Sul grande schermo, la carriera di Gregory Hoblit è partita in ritardo rispetto alla media. Dopo un percorso professionale che lo ha visto dedicarsi alla televisione con show come Hill street giorno e notte e L.A. law, il suo esordio al cinema avviene con il discreto thriller Schegge di paura (1996), il quale non soddisfa pienamente la critica ma, grazie alla nomination agli Oscar per l’allora giovanissimo Edward Norton, Hoblit ha modo di proseguire il suo percorso grazie a titoli come Frequency – Il futuro è in ascolto (2000) e Il caso Thomas Crawford (2007). Nel 1998 il regista texano concentra la sua attenzione sul suo secondo lungometraggio dal nome Il tocco del male (1998), potendo contare su un cast di prima classe come Denzel Washington, John Goodman, Donald Sutherland, Embeth Davids, Elias Koteas, James Gandolfini, Robert Joy e Reno Wilson. Il film di Hoblit si rivelò un flop al botteghino (si parla di circa 35 milioni di dollari di perdita) e nemmeno la critica fu magnanima.

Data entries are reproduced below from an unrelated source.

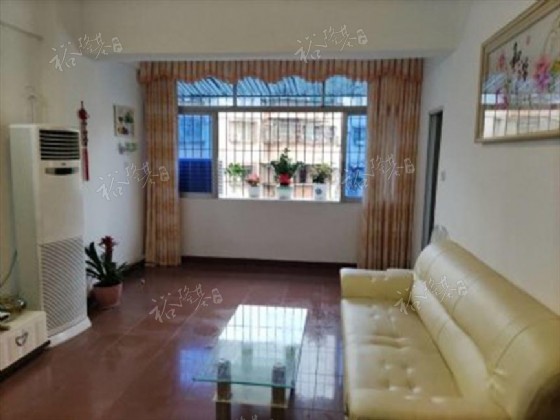 ����һ·����Է�Ծ�װ���� 6.8���׸� �ͼ�˽�ҵ�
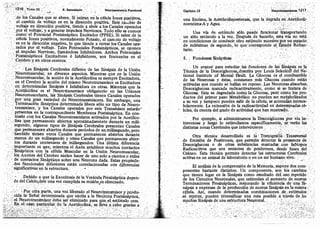 Tomo3tratadodeneuroanatomíafuncional.pdf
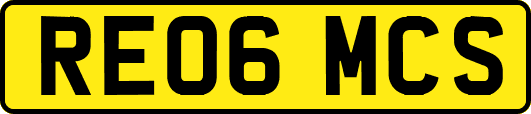 RE06MCS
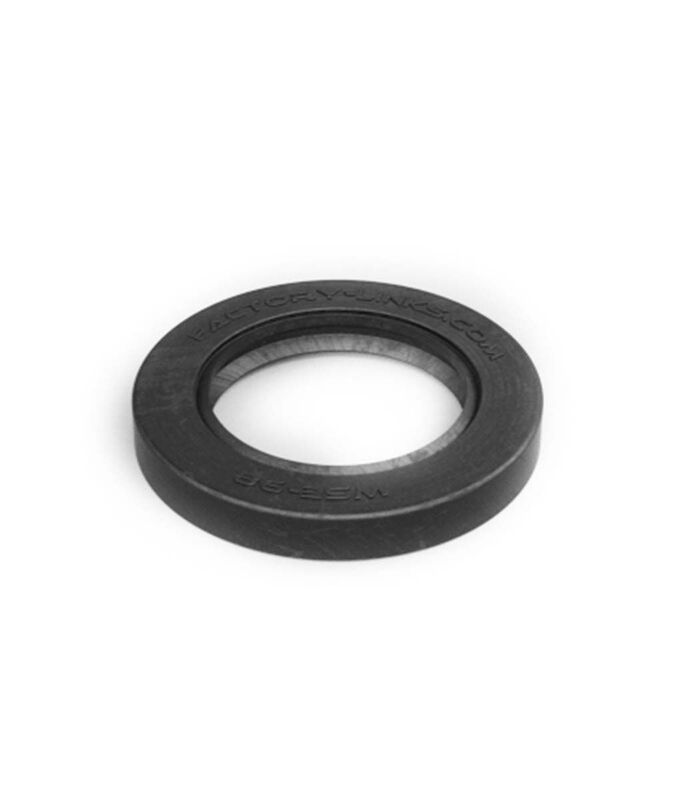 FACTORY LINKS Radlagersatz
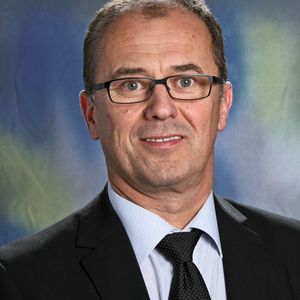 Johann Aulila, Jokab Safety: „Wer strikt nach dem Stand der Technik handeln will, muss bei Anwendung einer Sicherheits-SPS und darauf erstellter sicherheitsgerichteter Software jetzt zwingend die 13849-1 befolgen.“ Bild: Jokab Safety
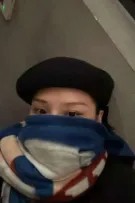 [exsh-miucam] Ngoài Em Ra,Ai Cũng Là Người Dưng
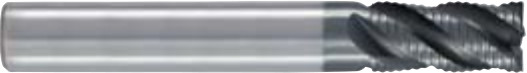 Фреза HF844 MM14X14X26X83 C45 4F MR PV300 OSW Фреза HF844 MM14X14X26X83 C45 4F MR PV300 OSW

John Hobbes è un virtuoso poliziotto che incastra e fa condannare a morte un pericoloso serial killer, Edgar Reese. Quello che il detective non sa, è che lo psicopatico in realtà è posseduto dal sanguinario demone Azazel e che gli omicidi che ha commesso sono stati compiuti tutti sotto il suo influsso malefico. Dopo l’esecuzione, Hobbes pensa di continuare tranquillamente la sua esistenza, lavorando nel distretto di polizia con il tenente Stanton e i detective Lou e Jonesy, migliore amico di Hobbes. Ma da quel momento il demonio, non potendo impossessarsi del corpo del poliziotto, incomincerà a perseguitarlo, in un susseguirsi di omicidi che coinvolgeranno sconosciuti e familiari di Hobbes, e che metteranno ben presto il poliziotto all’angolo. Sfruttando le ricerche di un suo predecessore, l’esemplare poliziotto Robert Milano, scomparso in circostanze misteriose anni prima, Hobbes scopre che Azazel si può sconfiggere, anche se a costo della propria vita. Il demone infatti può traslare da un corpo a un altro, e prenderne il controllo, tramite il semplice tocco…

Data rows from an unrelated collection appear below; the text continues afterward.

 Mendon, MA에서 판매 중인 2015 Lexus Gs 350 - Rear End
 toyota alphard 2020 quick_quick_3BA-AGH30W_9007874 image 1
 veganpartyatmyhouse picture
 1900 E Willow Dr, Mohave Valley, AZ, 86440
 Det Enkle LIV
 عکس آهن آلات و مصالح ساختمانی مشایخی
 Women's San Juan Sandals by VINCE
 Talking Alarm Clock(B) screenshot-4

Sebbene la sceneggiatura di Nicholas Kazan e Elon Dershowitz assembli una serie di elementi sfruttati da altre storie precedentemente raccontate (Seven, Twin Peaks, Sotto shock), le premesse di questo Fallen sono assai interessanti, sia per un’ottimo mix di musiche e fotografia, sia per un’incalzante atmosfera degna dei migliori thriller anni ’90. Tuttavia, dopo la prima ora di visione, sulle resistenti fondamenta narrative viene eretta una storia traballante votata all’eterno scontro fra bene e male con la solita soluzione indicata nella Bibbia e con passaggi obbligatori che trasformano un entusiasmante thriller in una farsa horrorifica dove, per l’ennesima volta troviamo il detective senza macchia e senza paura a combattere il maligno spiritico. Ahimè è un gia visto e il sontuoso cast non riesce a tenere in piedi l’ultimo atto del film: le defezioni maggiori riguardano le spalle Goodman e Sutherland che soffrono dei ruoli a loro congeniali ma troppo superficiali, senza acuti interessanti e, quindi maldestramente sprecati. Interessante, invece, la scelta della canzone dei Rolling Stones “Time is on my side” che passa di persona in persona quando Azazel si trasferisce in un altro corpo, specialmente quando lo fa davanti allo stupito Hobbes.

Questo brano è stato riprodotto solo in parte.